* Work order *
Retype the listing exactly, with no images.

* Source material *

↓↓↓

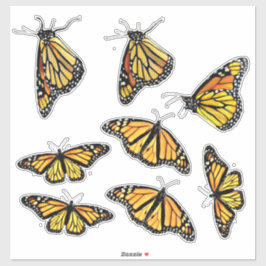 Anpassningsbar Klipp vinylStickers - Monarch Butte Klistermärken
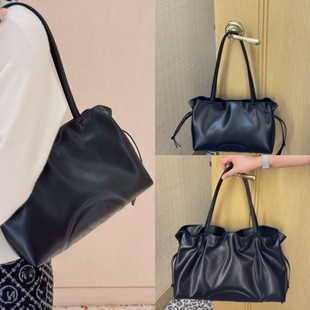 外单捡漏ell抽绳托特包福袋包轻奢小众高级感女包通勤手提单肩包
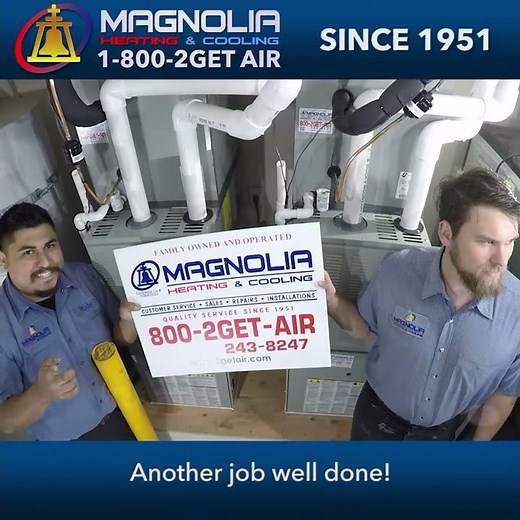 Upflow furnace install by Magnolia HVAC | Riverside, CA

↑↑↑

* Output below *
 Anpassningsbar Klipp vinylStickers - Monarch Butte Klistermärken
 外单捡漏ell抽绳托特包福袋包轻奢小众高级感女包通勤手提单肩包
 Upflow furnace install by Magnolia HVAC | Riverside, CA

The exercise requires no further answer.